Government consultation on alcohol sales and promotion launched.

Home Office has today announced a new consultation entitled ‘Safe.
Sensible. Social. Selling alcohol responsibly.’

Available here. (pdf 1mb)

The proposals include:

  • a mandatory code of practice for pubs, clubs and supermarkets

  • banning promotions such as ‘all you can drink for £10’, speed drinking competitions

  • and ‘dentist’s chairs’ – where alcohol is dispensed directly into the mouths of customers

  • making sure bars, pubs and clubs offer single measures as well as doubles for spirits, and both small and large glasses of wine

The Home Office are also suggesting that alcohol retailers
display information about the alcohol unit content of drinks, and
supermarkets and convenience stores display information on the health
impacts of alcohol.

New secondary conditions are proposed to target problem
areas.
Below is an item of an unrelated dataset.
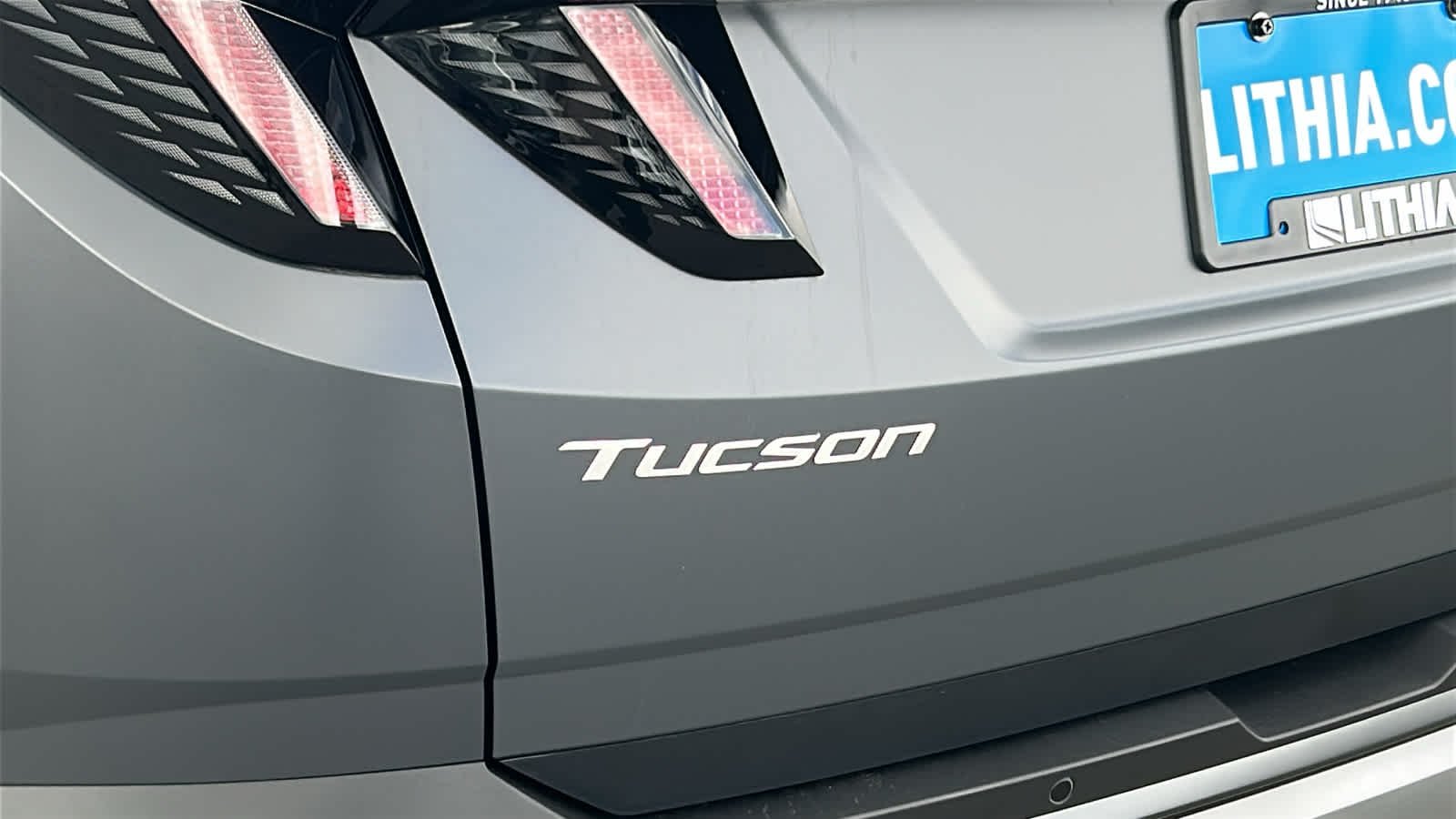 New 2026 Ecotronic Gray Matte Hyundai Limited AWD image 28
These conditions will give local councils more power to take
actions including:

  • restricting happy hours or pub crawl promotions

  • banning irresponsible bulk buy promotions

  • enforcing the Challenge 21 policy – where anyone who looks under 21 must produce proof of age to buy alcohol

  • banning glass containers altogether, or ensuring that glasses are collected

  • making door staff check for weapons and drugs during times when alcohol-related crime is most likely to occur

The Home Office make clear that they do not support a
minimum unit price: “We have decided not introduce a minimum unit price,
as it would unfairly punish the sensible majority of responsible
drinkers. However the consultation commits to conducting further
research into the issue.”1

The Prime Minister yesterday unveiled the plans saying:
“The police and other agencies have a wide range of powers to tackle
pubs, bars, clubs or shops whose customers are causing trouble. They can
add new licensing conditions and even shut premises down.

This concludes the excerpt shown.